_Extracted information_.
########
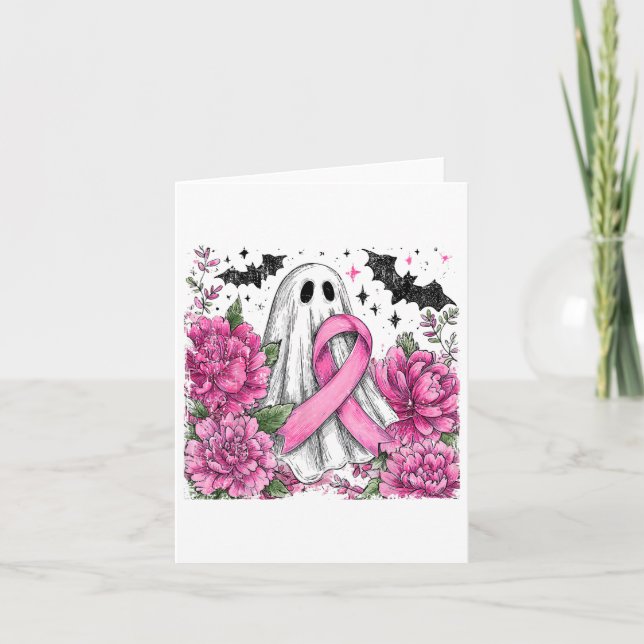 Patchwork Coquette Bow Breast Cancer Ghost Hallowe Card (Front)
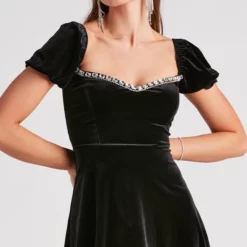 Windsor. Glamorous Occasion Rhinestone Velvet Skater Dress -Deals Skirt Store 05101 2050 4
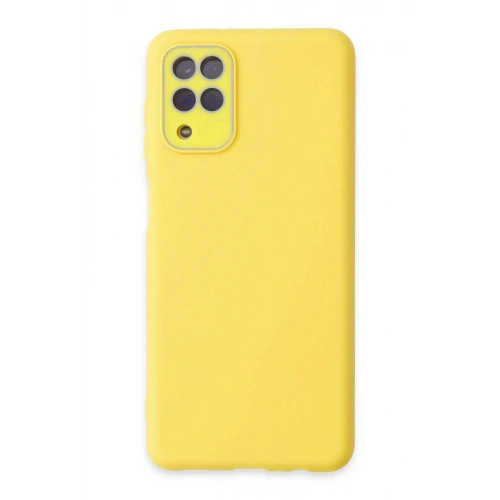 Durukar®  Samsung Galaxy A22 Kılıf Lansman Glass Kapak - Sarı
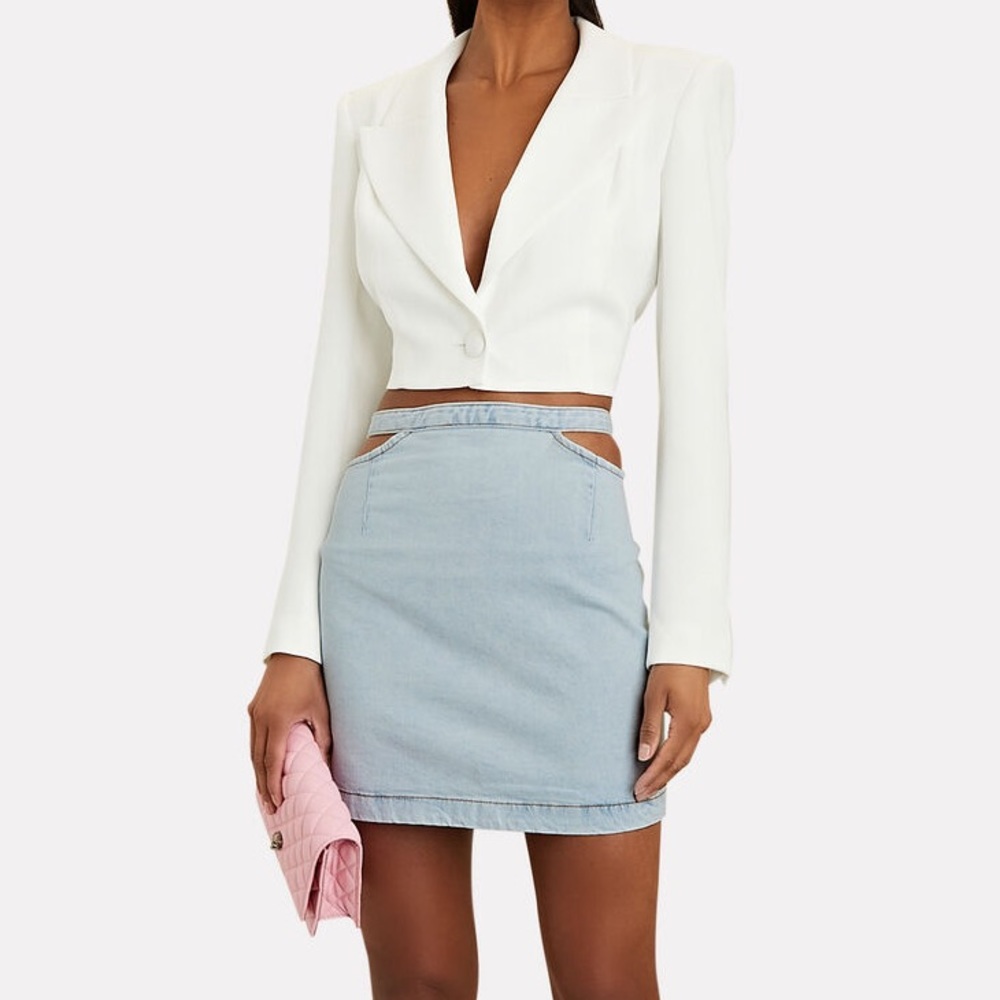 NWT WeWoreWhat Cut-Out Denim Mini Skirt
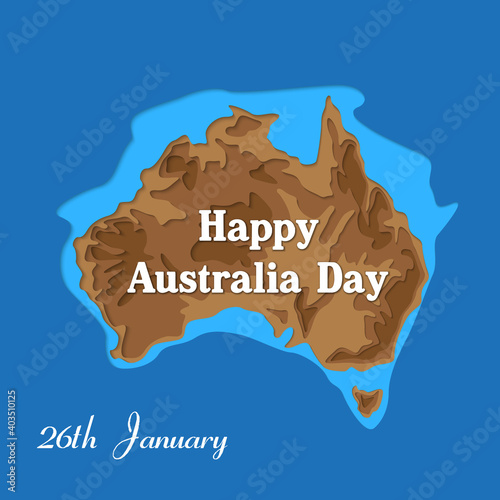 Happy Australia republic day. Typographic poster paper cut style. Lettering greeting card. National banner poster. Multilayer paper cut applique Australian. Republic day celebration paper art style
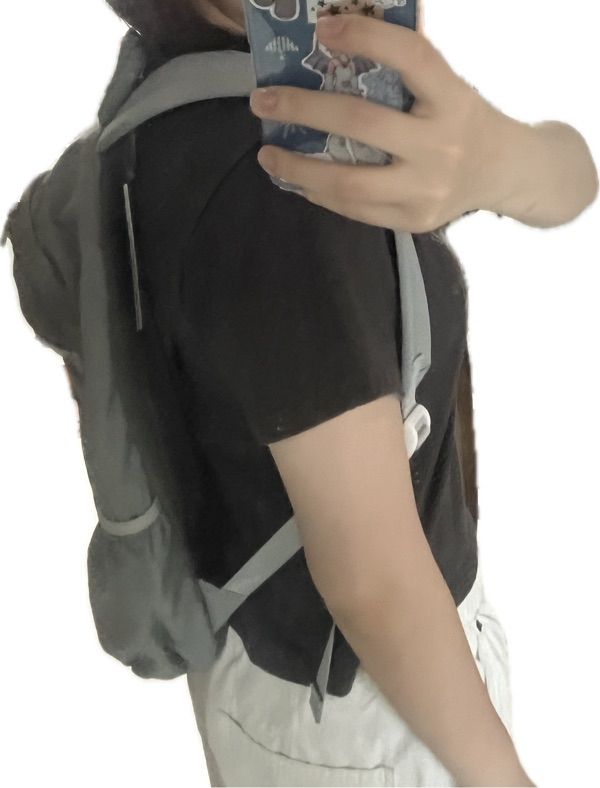MUSINSA | WAI KEI Half String Nylon Backpack Gray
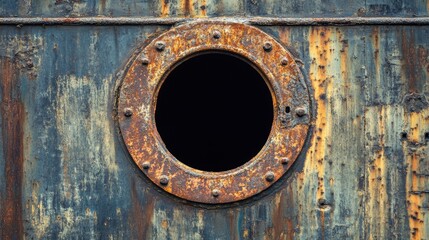 Rusty metal surface with circular window frame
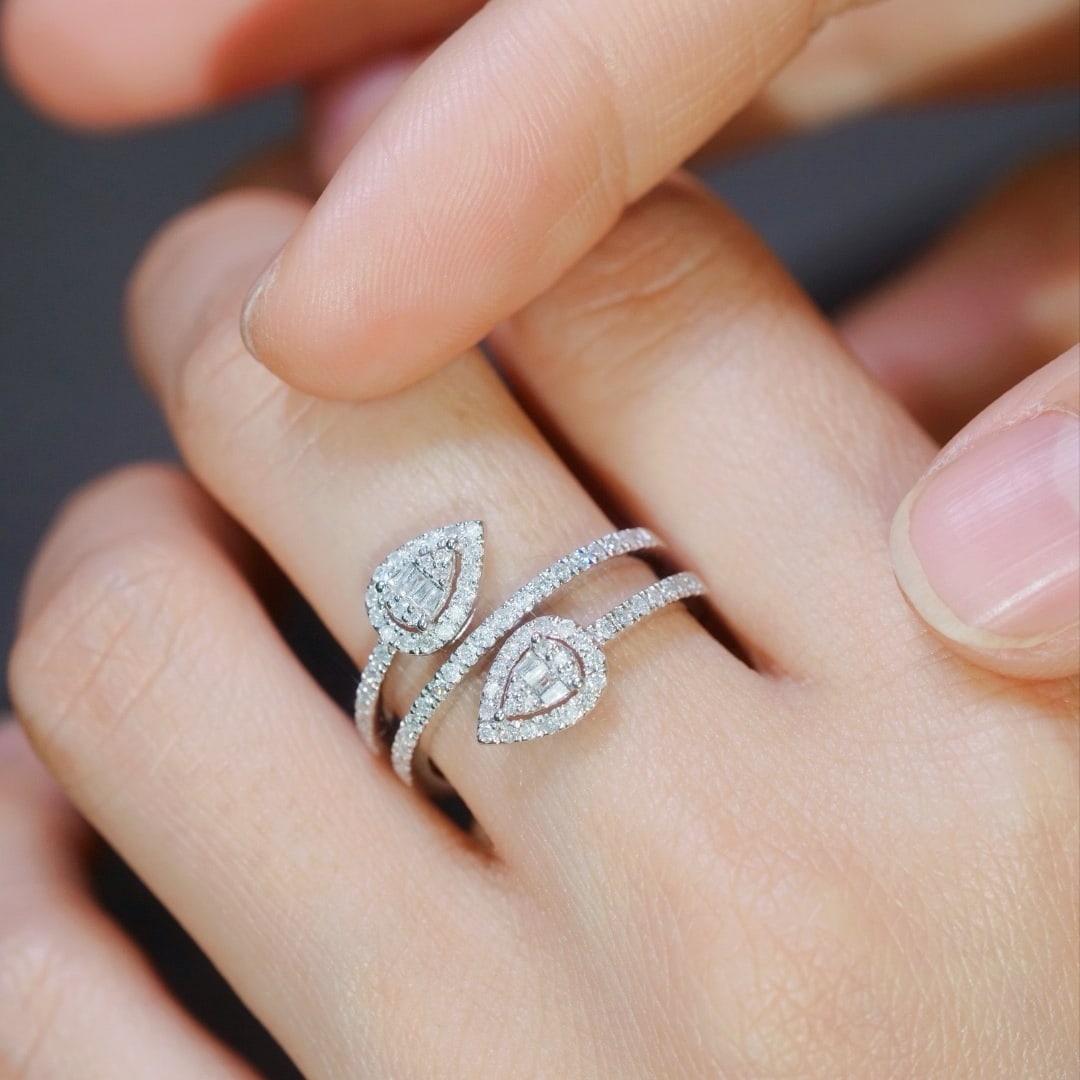 14k Gold 0.50 Ct Natural H Diamond Ring - 5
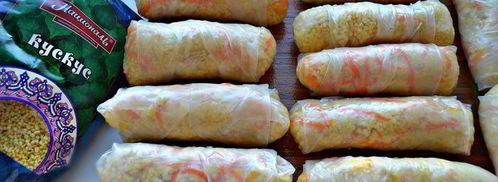 спринг-роллы с кускусом и овощами. Шаг 8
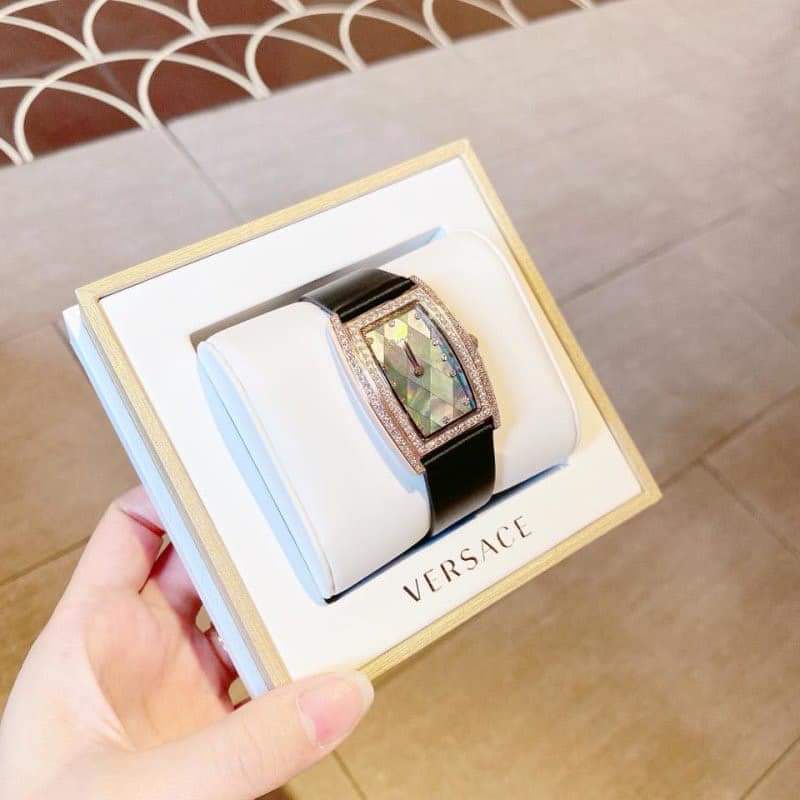 Đồng Hồ Davena Nữ Chính Hãng Mặt Khảm Trai Xanh Lấp Lánh Size 32mm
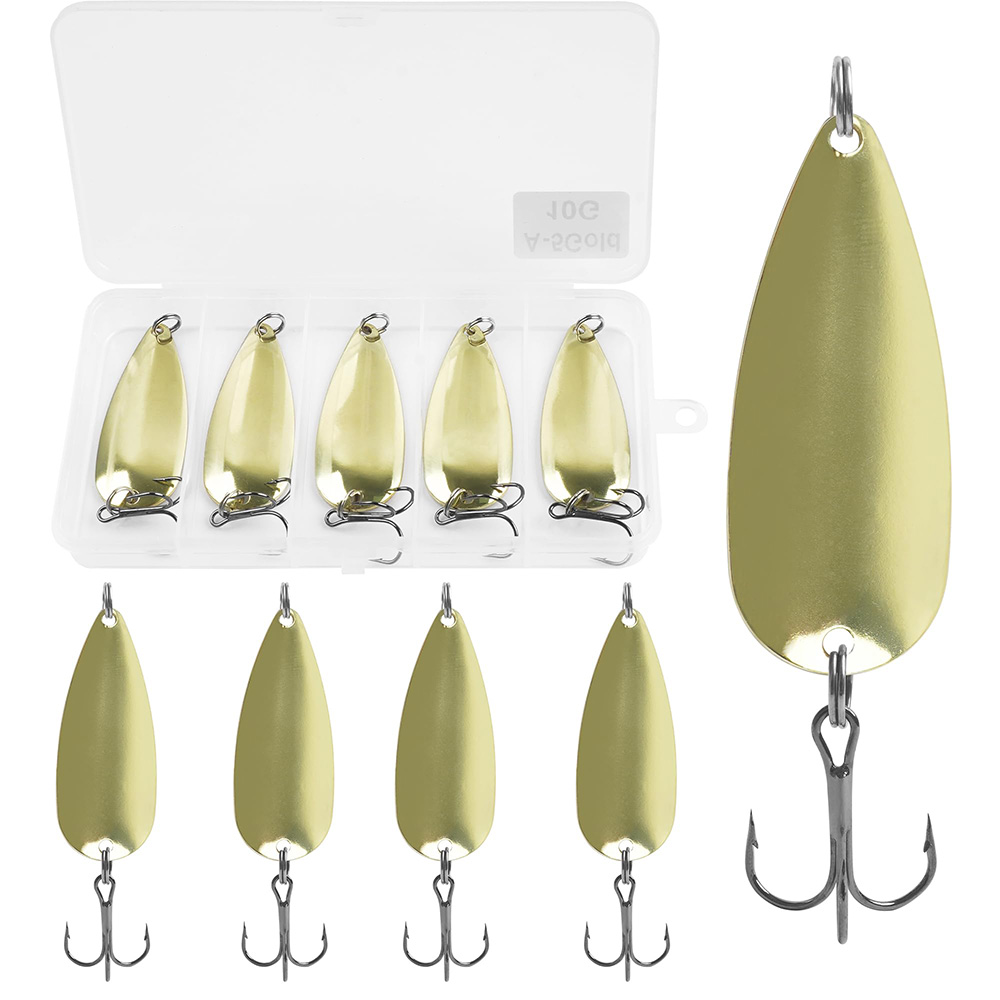 5Pcs Fishing Spoons Metal Fish - Fishing Hook Treble review and price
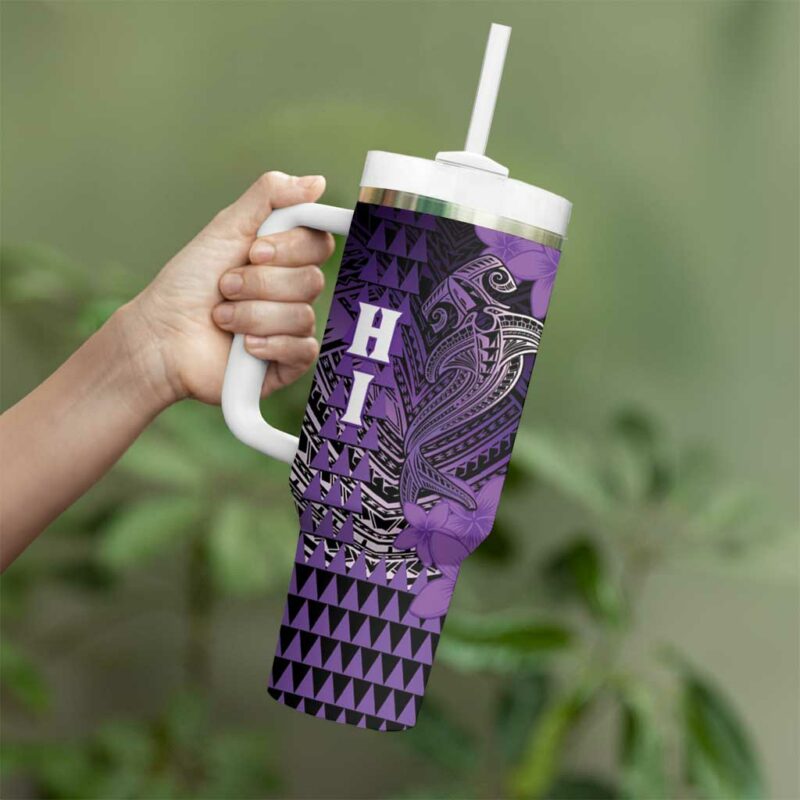 Hawaii Hammerhead Shark Kakau Polynesian Tribal Purple Custom Stanley Quencher 40oz Stainless Steel Tumbler With Handle - Threewoofs - Image 3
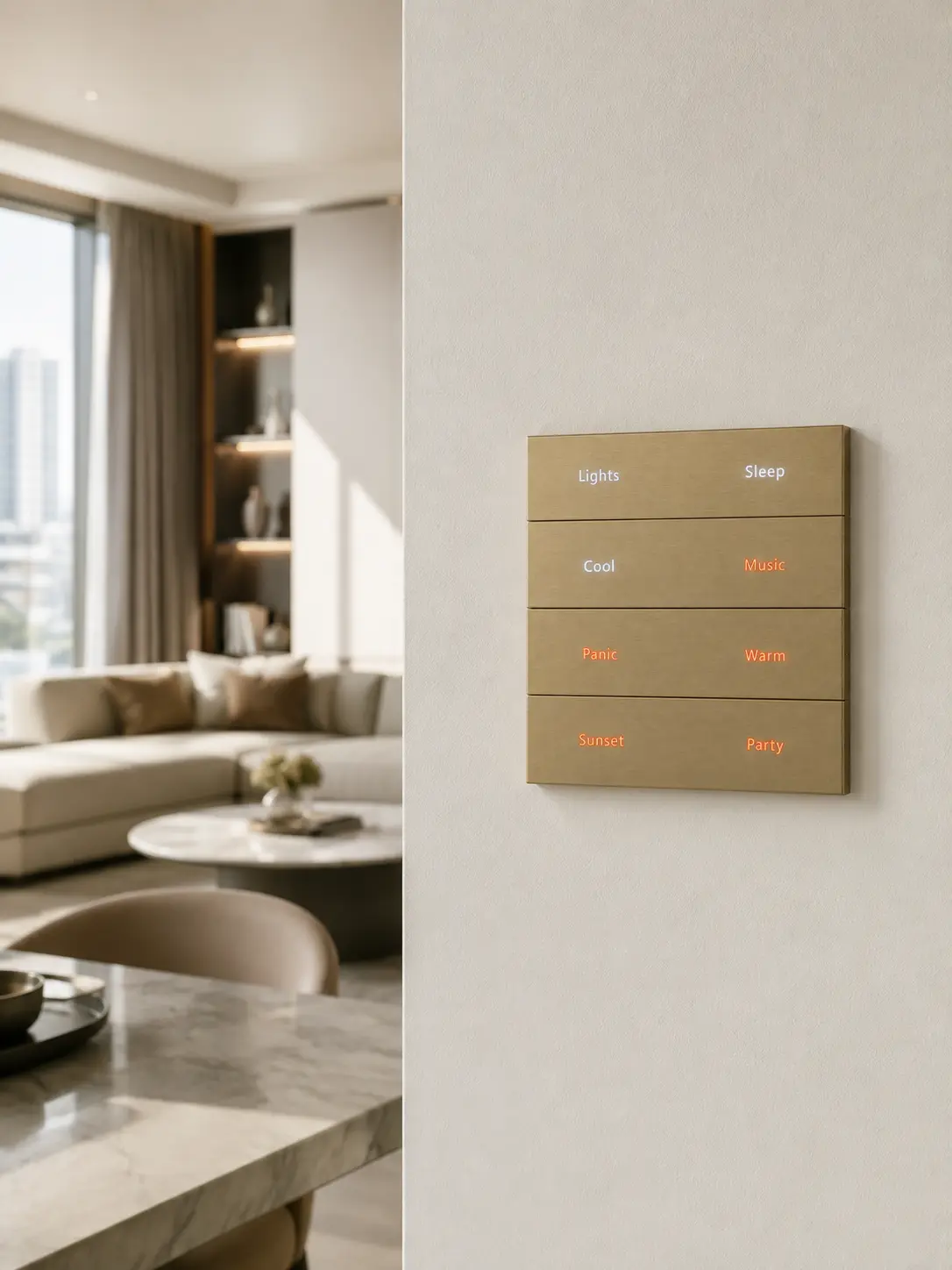 K900 KNX Metal Smart Switch Panel Series 8 K900 smart switch panel installed in a modern apartment living space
########
_Task item_. Please keep every line of the data the same when you reproduce it, and keep every picture out.

_Answer space_.
 Patchwork Coquette Bow Breast Cancer Ghost Hallowe Card (Front)
 Windsor. Glamorous Occasion Rhinestone Velvet Skater Dress -Deals Skirt Store 05101 2050 4
 Durukar®  Samsung Galaxy A22 Kılıf Lansman Glass Kapak - Sarı
 NWT WeWoreWhat Cut-Out Denim Mini Skirt
 Happy Australia republic day. Typographic poster paper cut style. Lettering greeting card. National banner poster. Multilayer paper cut applique Australian. Republic day celebration paper art style
MUSINSA | WAI KEI Half String Nylon Backpack Gray
 Rusty metal surface with circular window frame
 14k Gold 0.50 Ct Natural H Diamond Ring - 5
 спринг-роллы с кускусом и овощами. Шаг 8
 Đồng Hồ Davena Nữ Chính Hãng Mặt Khảm Trai Xanh Lấp Lánh Size 32mm
 5Pcs Fishing Spoons Metal Fish - Fishing Hook Treble review and price
 Hawaii Hammerhead Shark Kakau Polynesian Tribal Purple Custom Stanley Quencher 40oz Stainless Steel Tumbler With Handle - Threewoofs - Image 3
 K900 KNX Metal Smart Switch Panel Series 8 K900 smart switch panel installed in a modern apartment living space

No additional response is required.